§ **Data supplied**:
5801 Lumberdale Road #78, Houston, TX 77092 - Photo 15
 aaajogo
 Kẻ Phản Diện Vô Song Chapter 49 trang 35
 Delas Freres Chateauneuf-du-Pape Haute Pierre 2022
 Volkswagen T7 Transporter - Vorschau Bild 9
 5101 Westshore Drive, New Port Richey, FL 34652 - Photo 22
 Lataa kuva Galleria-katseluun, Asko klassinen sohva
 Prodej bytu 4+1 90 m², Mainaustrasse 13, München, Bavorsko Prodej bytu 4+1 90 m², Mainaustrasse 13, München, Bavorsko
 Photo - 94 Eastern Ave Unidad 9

§ **The problem**: Go through the listing, and whenever a line contains the string "Photo", copy that line.

§ **Problem solution**:
5801 Lumberdale Road #78, Houston, TX 77092 - Photo 15
 5101 Westshore Drive, New Port Richey, FL 34652 - Photo 22
 Photo - 94 Eastern Ave Unidad 9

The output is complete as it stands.